> _Exercise requirements_
Word for word, repeat the data; no picture should appear in the result.

----

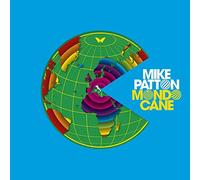 Mike Patton - Mondo Cane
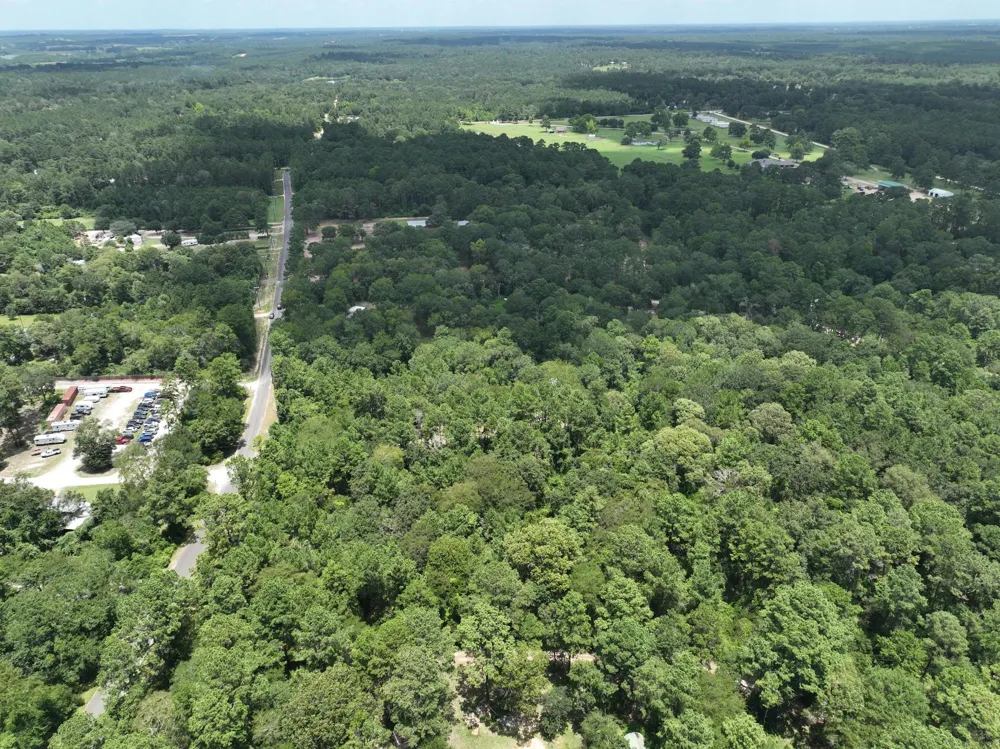 16893 Whippoorwill Road Navasota, TX 77868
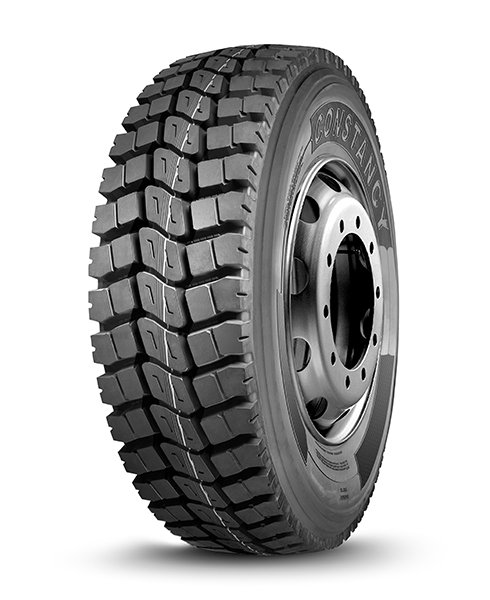 LQ-899 - 未铺装路面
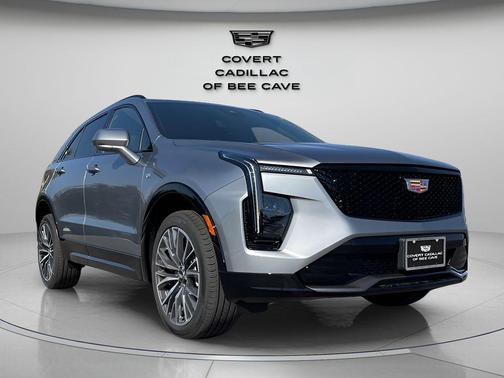 2025 Cadillac XT4 Sport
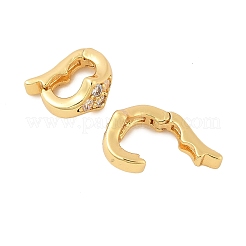 Латунное микропейв&nbsp;KK-U056-10G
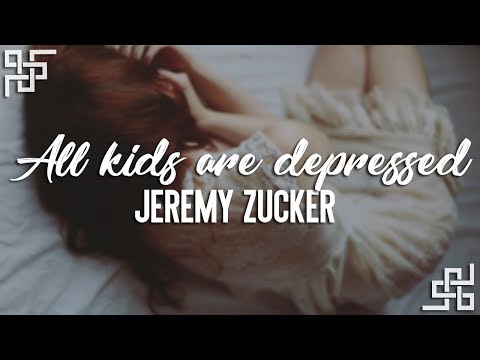 jeremy zucker // all the kids are depressed {sub español} Video
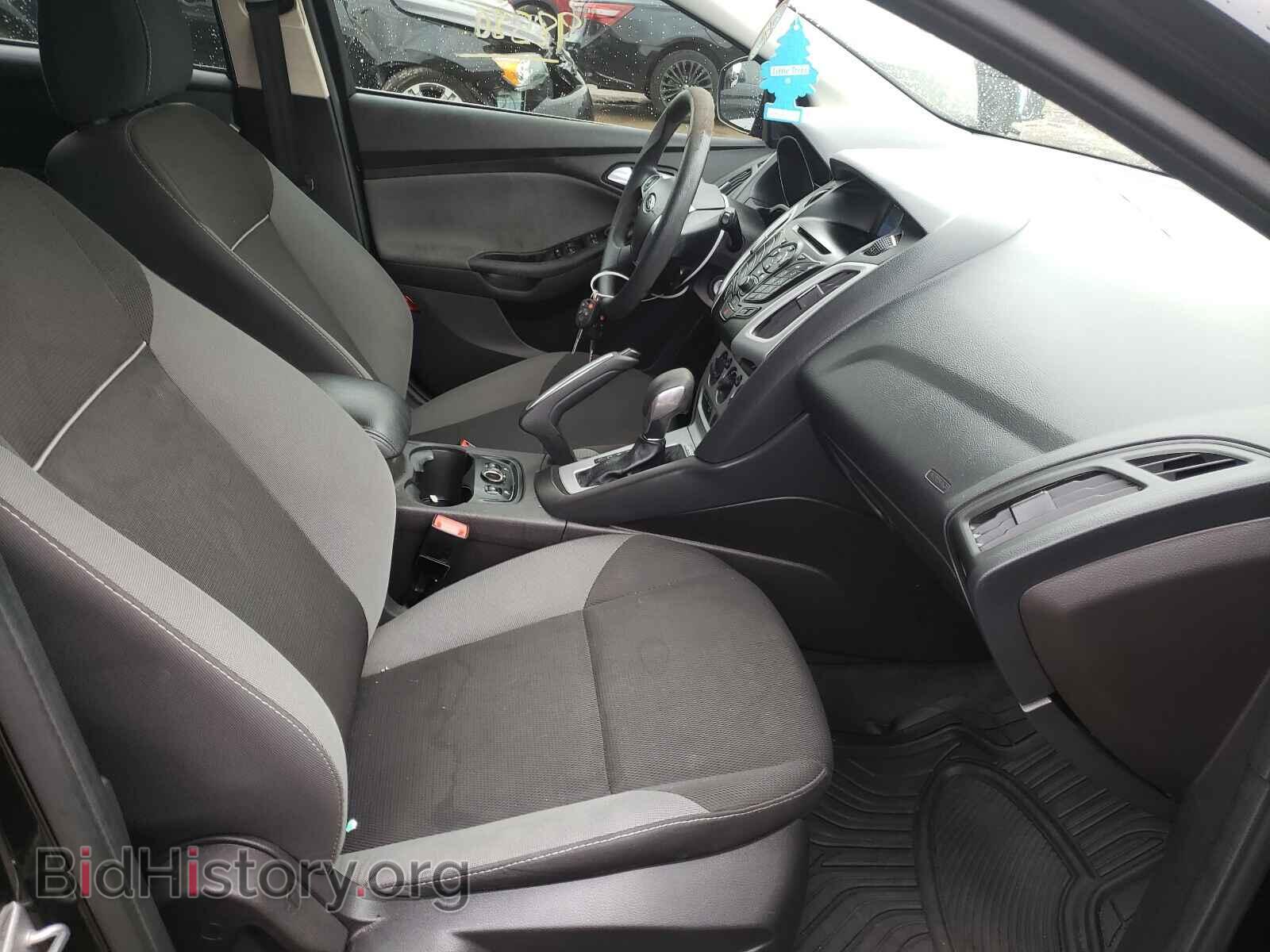 2013 FORD FOCUS - VIN: 1FADP3K20DL351577 - Фото 5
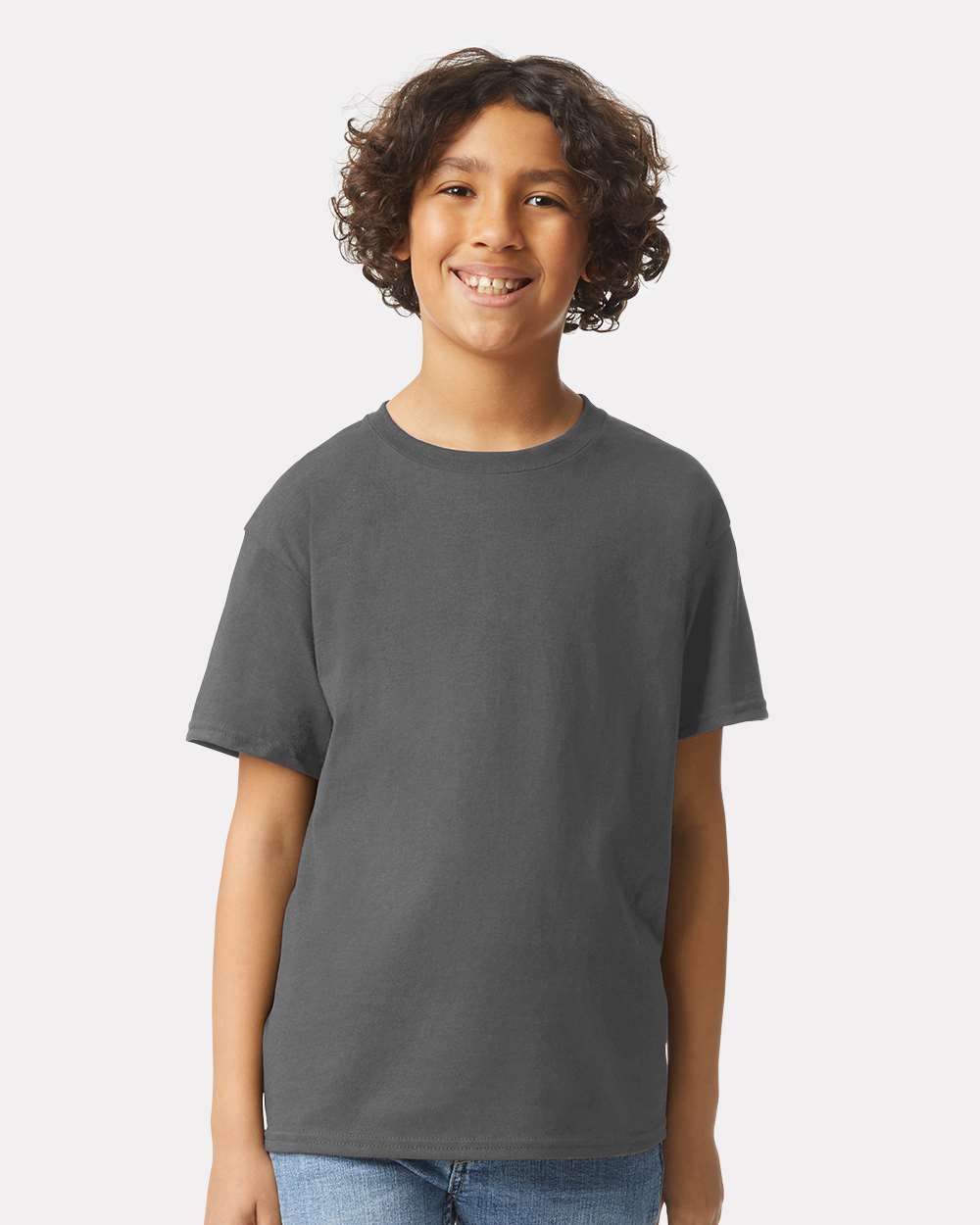 Gildan-2000B-Ultra Cotton® Youth T-Shirt - Image 28
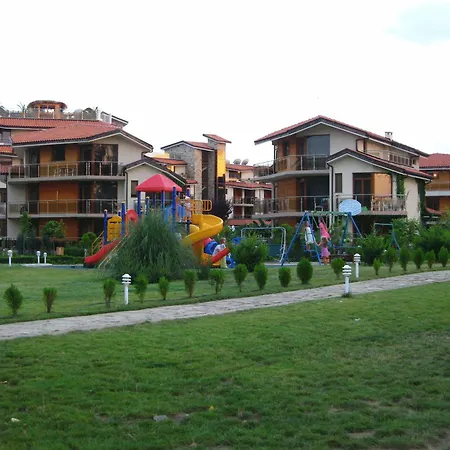 Laguna Resort&spa Resort 4*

----

> _Problem solution_
 Mike Patton - Mondo Cane
 16893 Whippoorwill Road Navasota, TX 77868
 LQ-899 - 未铺装路面
 2025 Cadillac XT4 Sport
 Латунное микропейв&nbsp;KK-U056-10G
 jeremy zucker // all the kids are depressed {sub español} Video
 2013 FORD FOCUS - VIN: 1FADP3K20DL351577 - Фото 5
 Gildan-2000B-Ultra Cotton® Youth T-Shirt - Image 28
 Laguna Resort&spa Resort 4*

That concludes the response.